Source: ebisu/docs/guides/import/vessel-data-organization-guide.md | ✏️ Edit on GitHub

Vessel Data Organization Best Practices

This guide outlines enterprise best practices for organizing vessel data files within the /import/vessels/ directory to match the modular script structure.

Recommended Data Directory Structure

Option 1: Mirrored Structure (Recommended)

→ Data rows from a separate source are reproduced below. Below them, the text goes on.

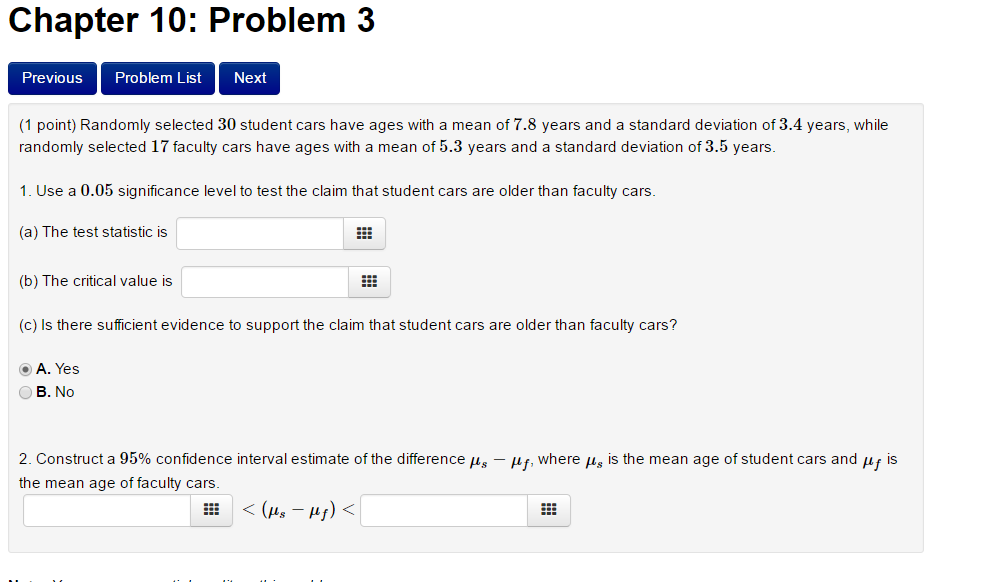 Solved Randomly selected 30 student cars have ages with a | Chegg.com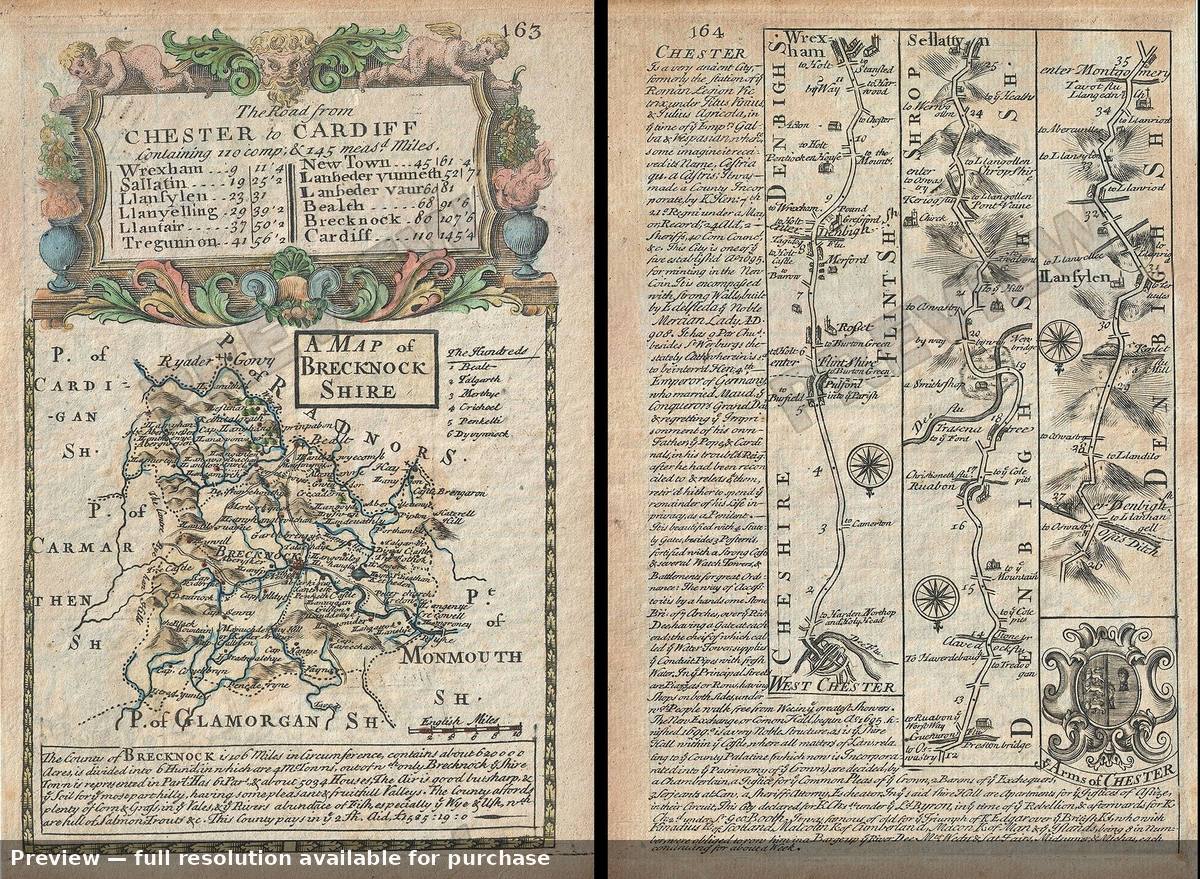 Antique map: Brecknockshire, 1736
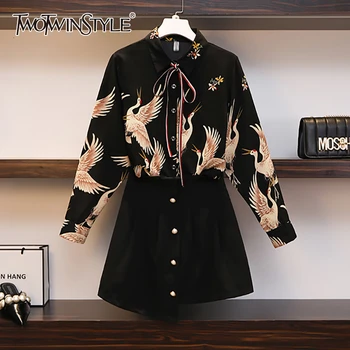 

TWOTWINSTYLE Asymmetrical Two Piece Sets Female Lapel Collar Lace Up Long Sleeve Print Blouse High Waist Ruched Skirt Suit Women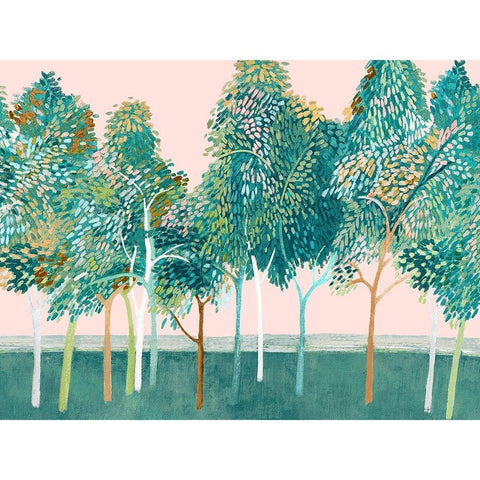 Shawree Forest I Black Modern Wood Framed Art Print by Woods, Maya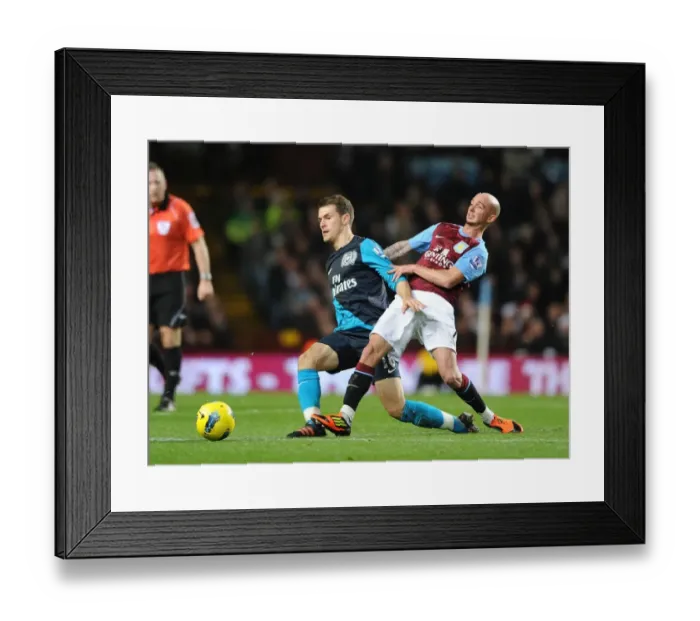 Framed Print : Aaron Ramsey Outmaneuvers Stephen Ireland: Aston Villa vs. Arsenal, Premier League, 2011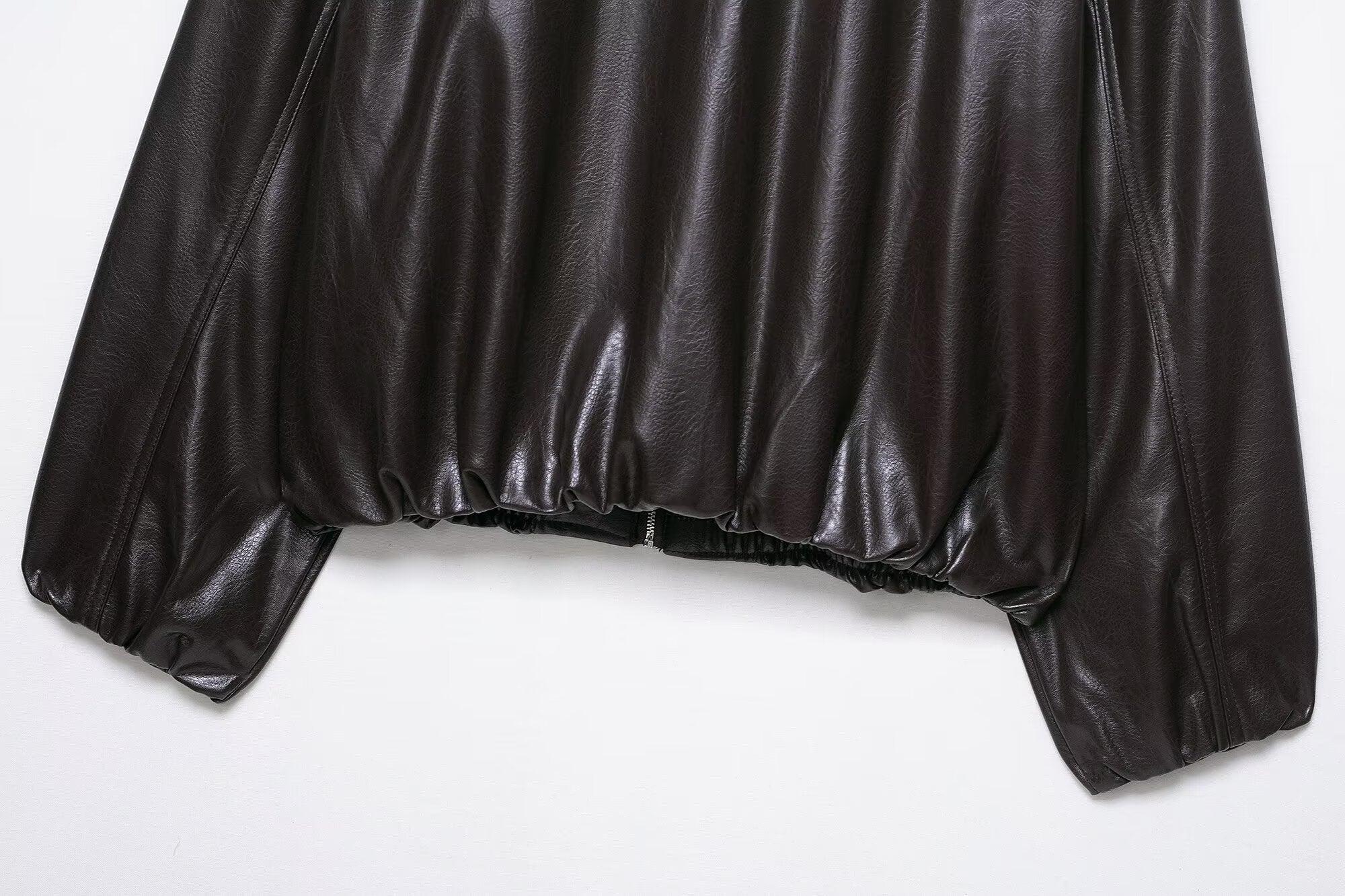Faux Leather Bomber Jacket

Mirror the script organization for consistency and easy navigation:

/import/vessels/
├── original_sources_vessels.csv              # Vessel source metadata
└── vessel_data/                              # 40+ datasets organized by category
    ├── RFMO/                                 # RFMO vessel datasets
    │   ├── raw/                              # Original unprocessed files
    │   │   ├── iccat_vessels_2024.csv
    │   │   ├── iotc_vessels_2024.csv
    │   │   ├── wcpfc_vessels_2024.csv
    │   │   └── nafo_vessels_2024.csv
    │   ├── cleaned/                          # Post-cleaning, pre-import
    │   │   ├── iccat_vessels_cleaned.csv
    │   │   ├── iotc_vessels_cleaned.csv
    │   │   └── wcpfc_vessels_cleaned.csv
    │   └── staged/                           # Ready for database import
    │       ├── iccat_vessels_staged.csv
    │       └── iotc_vessels_staged.csv
    ├── COUNTRY/                              # National vessel registries
    │   ├── raw/
    │   │   ├── usa_national_registry_2024.csv
    │   │   ├── canada_vessel_registry_2024.csv
    │   │   └── eu_fishing_fleet_2024.csv
    │   ├── cleaned/
    │   │   ├── usa_national_registry_cleaned.csv
    │   │   └── canada_vessel_registry_cleaned.csv
    │   └── staged/
    │       └── usa_national_registry_staged.csv
    ├── OTHER/                                # Organizations, MSC, certification bodies
    │   ├── raw/
    │   │   ├── msc_certified_vessels_2024.csv
    │   │   ├── noaa_fisheries_2024.csv
    │   │   └── wwf_vessel_data_2024.csv
    │   ├── cleaned/
    │   └── staged/
    └── BADDIE/                               # IUU and enforcement datasets
        ├── raw/
        │   ├── global_iuu_list_2024.csv
        │   ├── iccat_iuu_vessels_2024.csv
        │   └── interpol_purple_notices_2024.csv
        ├── cleaned/
        └── staged/

Option 2: Processing-Phase Structure (Alternative)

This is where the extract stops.